Exact copy, no pictures: reproduce the lines from the one that holds "Ha Ji-Won in The Empress Ki (2013)" through the end of the entries.

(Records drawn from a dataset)
BEGIN

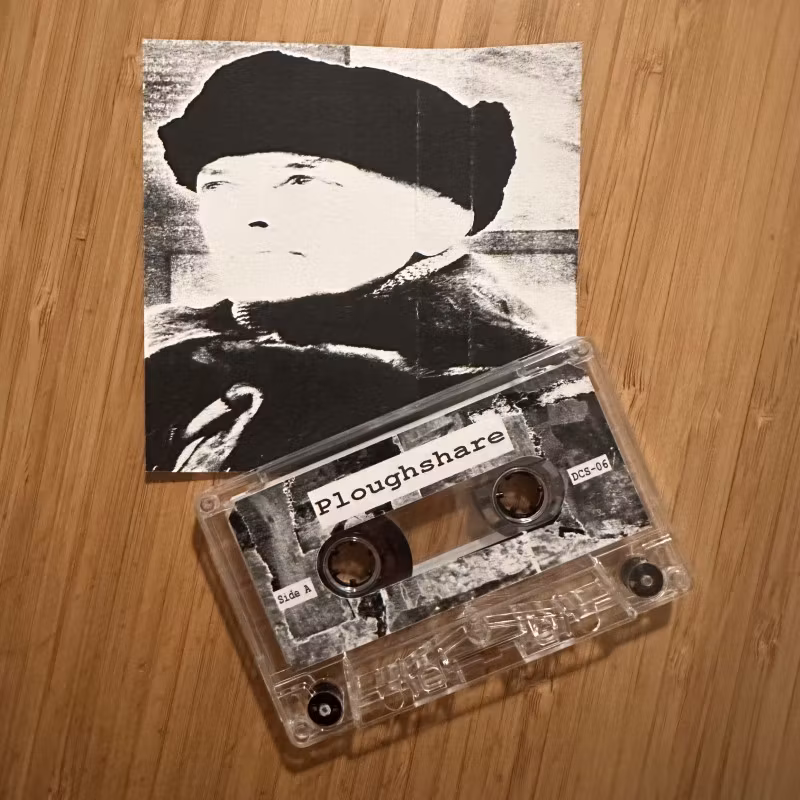 PLOUGHSHARE Grey Skin Beneath Grey Suit (Disclosures - USA original) (NM) TAPE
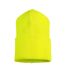 Bonnet Motif/style Côtelé Complete Jaune Fluo Mascot-1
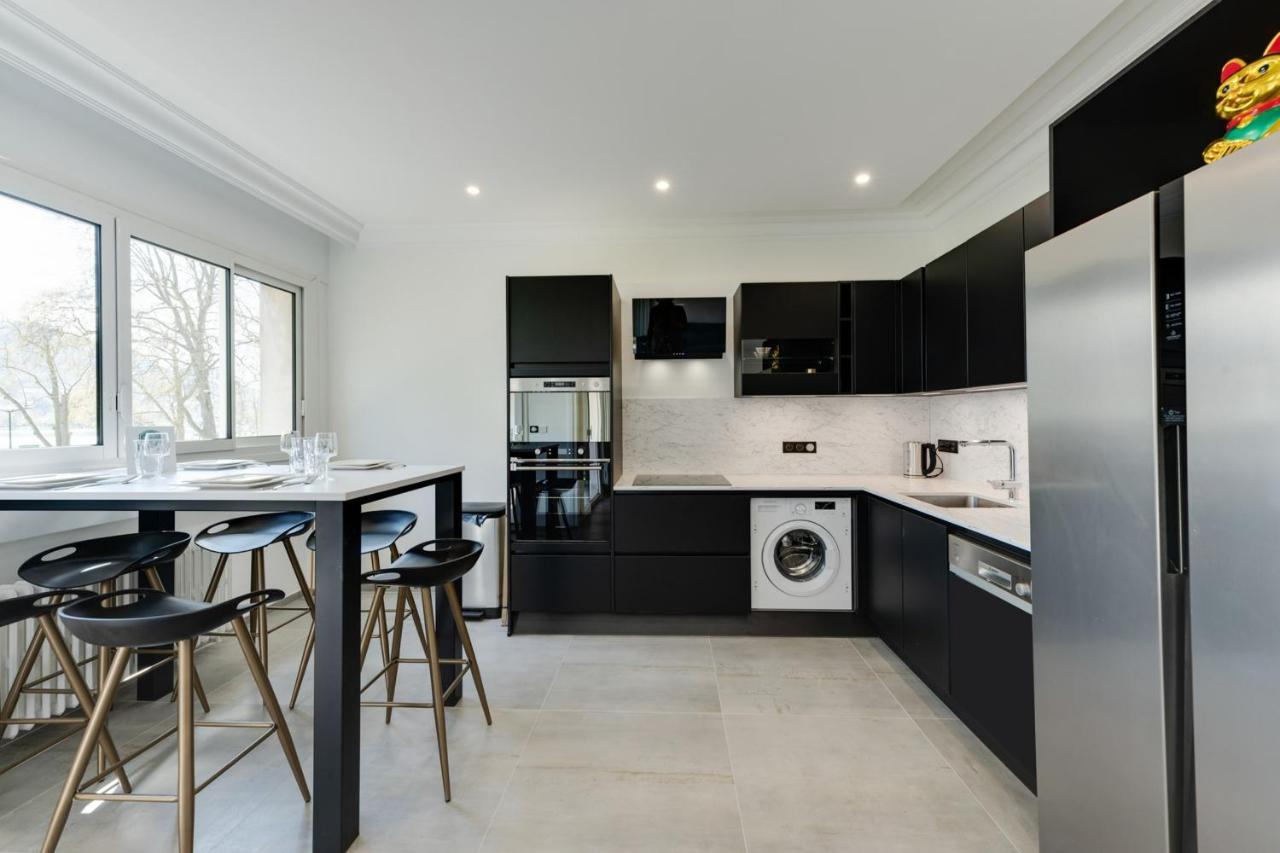 Swan Lake - Design Apartment Facing Lake Annecy Bagian luar foto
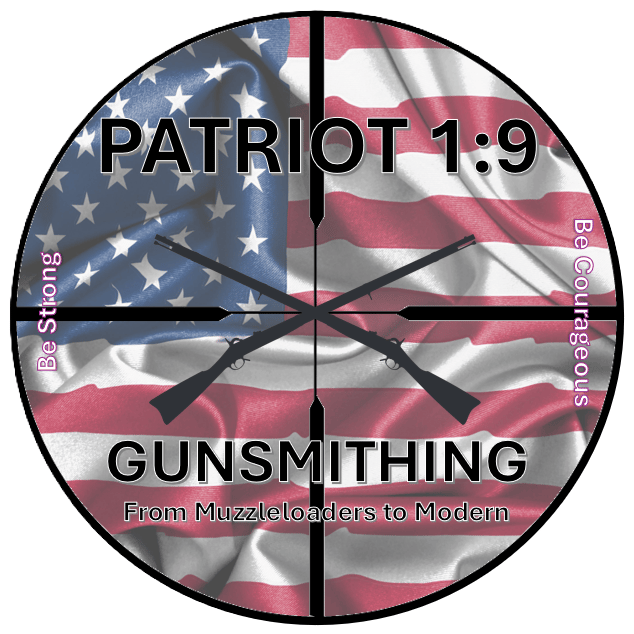 Patriot 1:9 Gunsmithing Logo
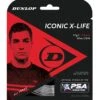 Dunlop Iconic X-Life Squash String (Natural) -Ball Games Shop DunlopPSA StringPackaging IconicXlife17g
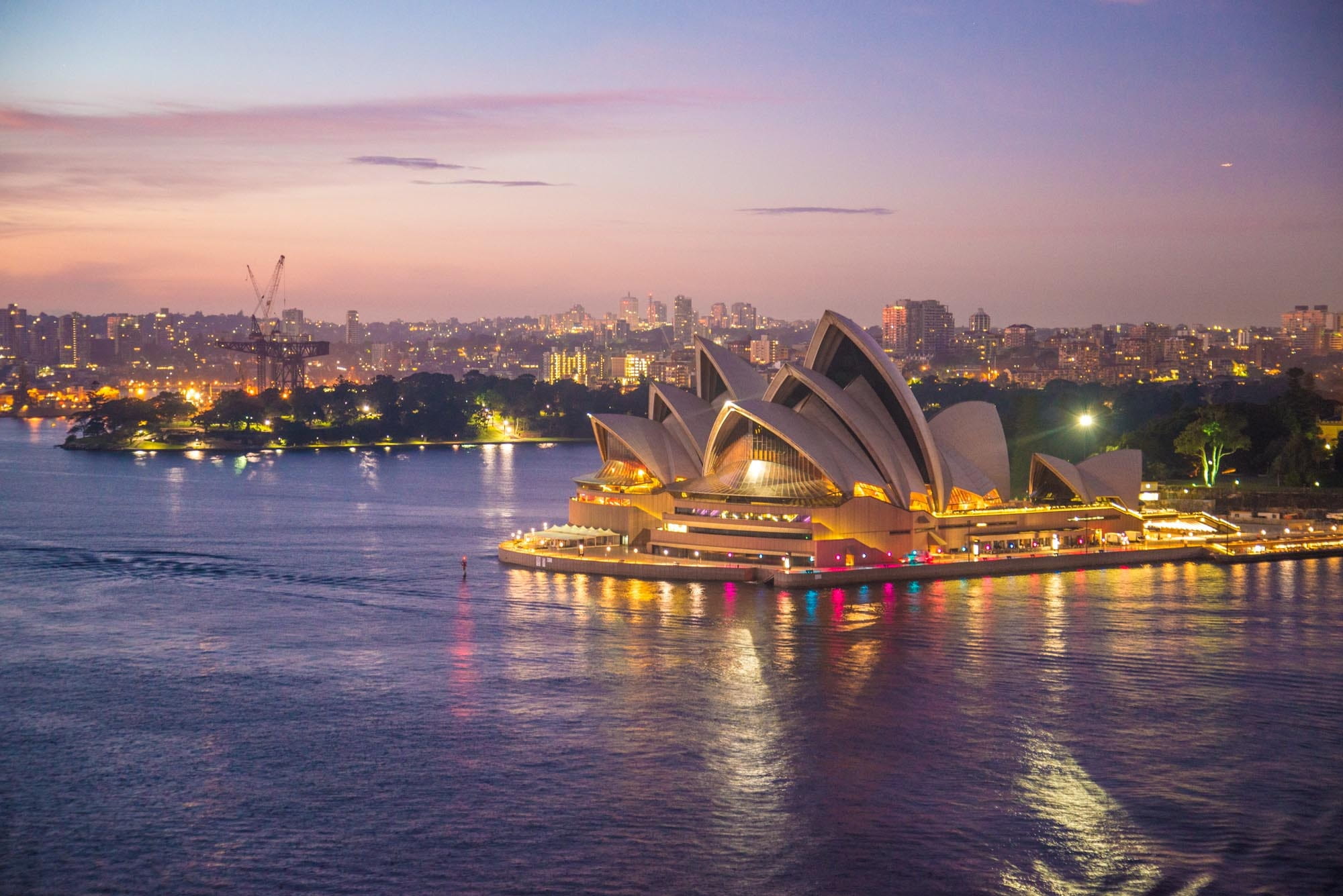 travel destinations, 1080P, cityscape, landscape, harbour, building exterior, sky, building, sydney, city, arts culture and entertainment, outdoors, transportation, HD Wallpaper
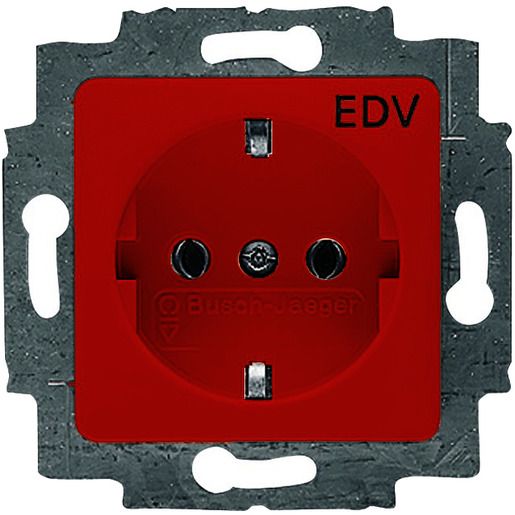 Busch-Jaeger SI-SCHUKO-STECKDOSE EDV / BUSCH 20 EUC/DV-217-101 2CKA002011A6251
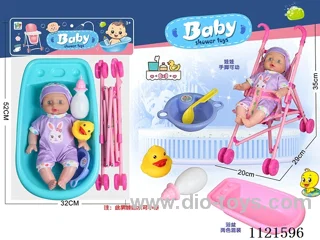 12inch semi-vinyl doll set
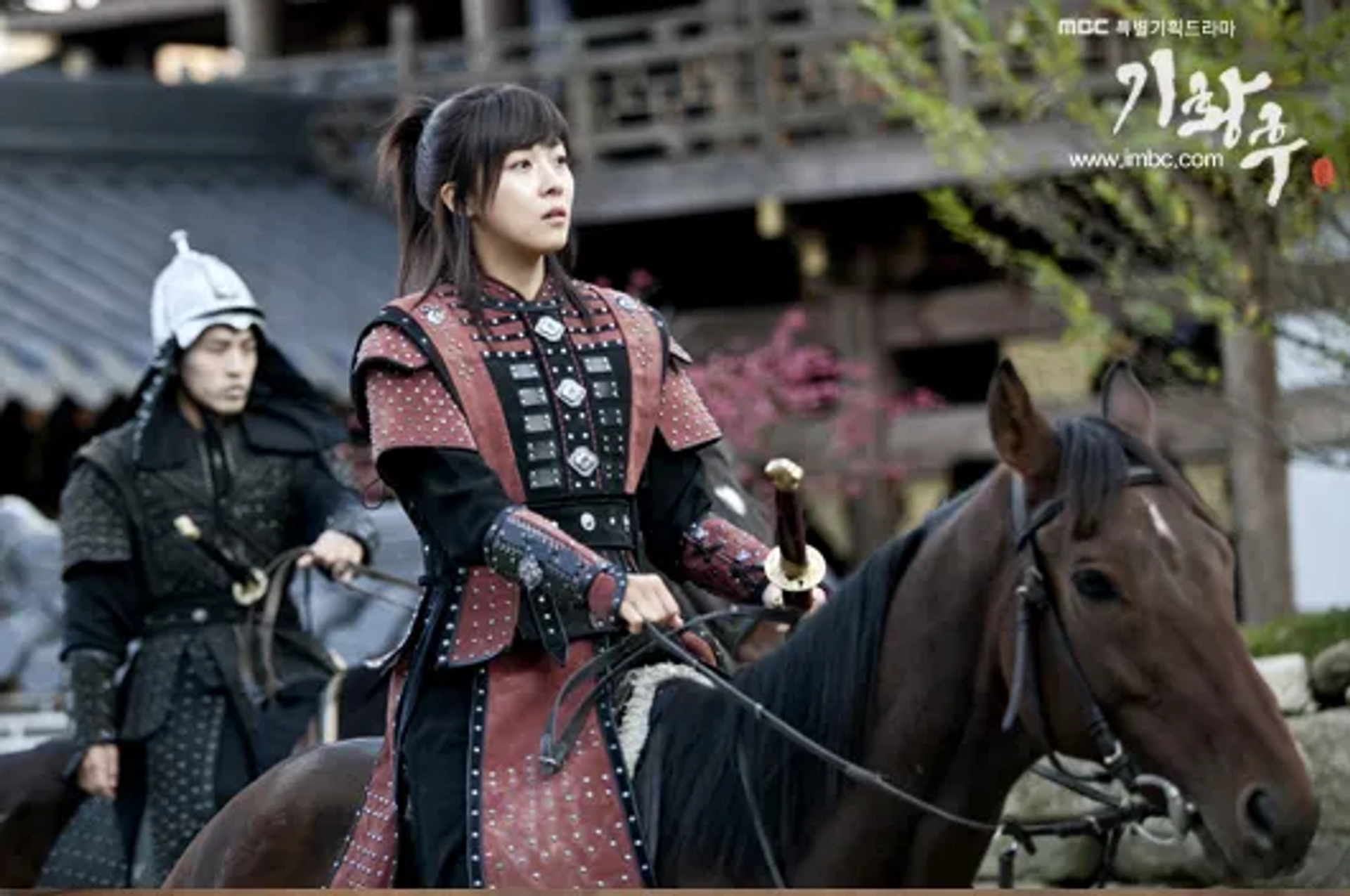 Ha Ji-Won in The Empress Ki (2013)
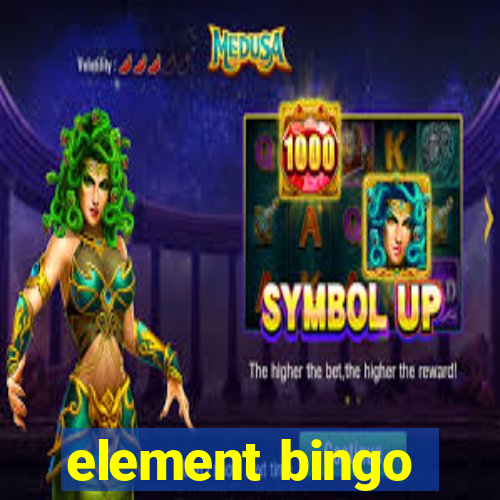 element bingo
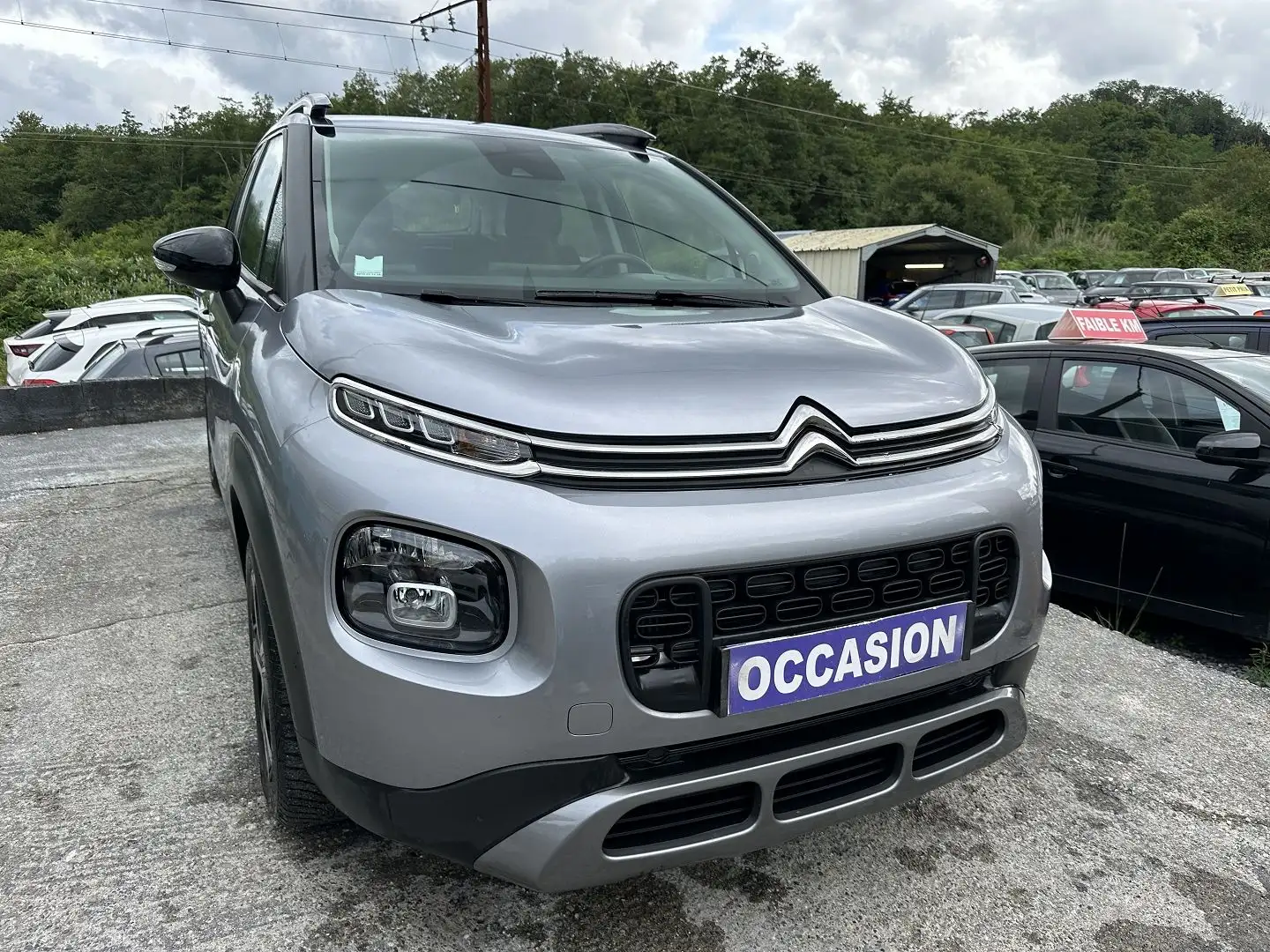 Citroen C3 Aircross BLUEHDI 100CH S\u0026S FEEL BUSINESS E6.D Gris - 1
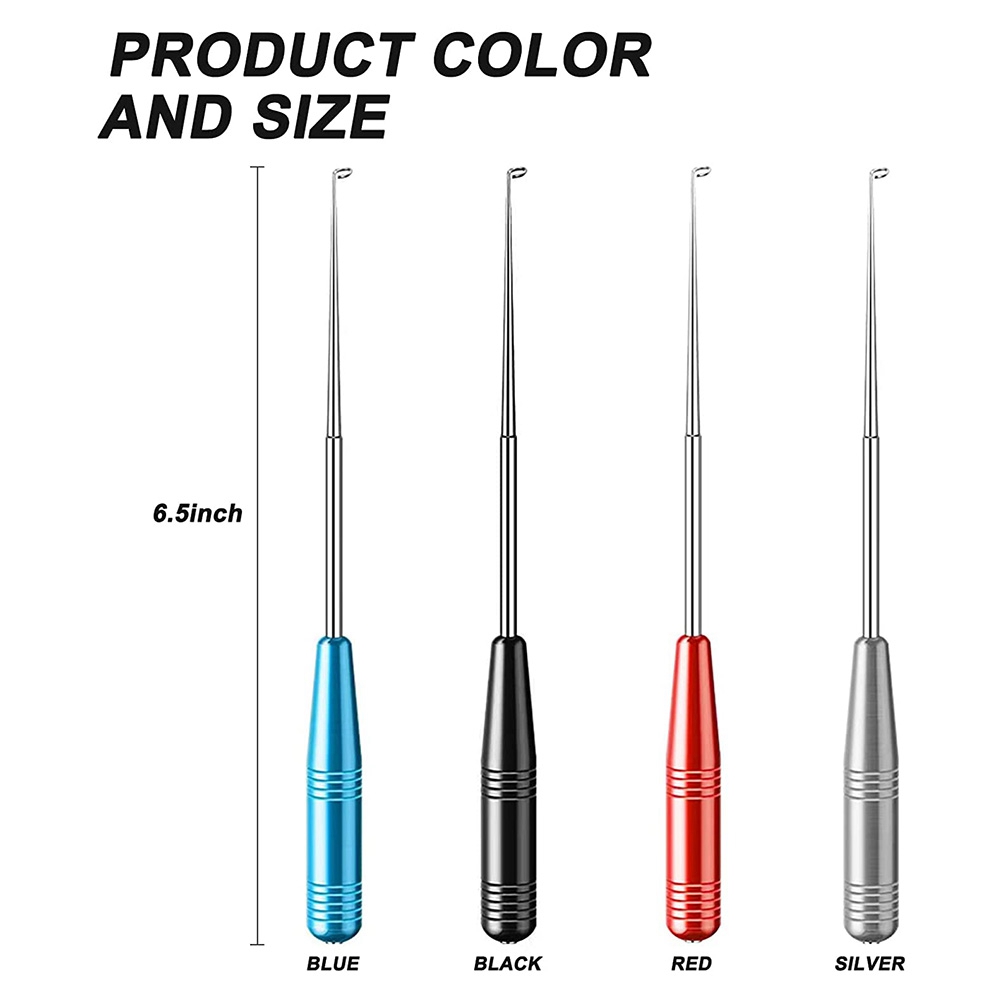 【НОВИНКА B63C】 Набор из 4 инст – обзор и цена Fishing Hook Remover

END

▶ Answer to this exercise:
 Ha Ji-Won in The Empress Ki (2013)
 element bingo
 Citroen C3 Aircross BLUEHDI 100CH S\u0026S FEEL BUSINESS E6.D Gris - 1
 【НОВИНКА B63C】 Набор из 4 инст – обзор и цена Fishing Hook Remover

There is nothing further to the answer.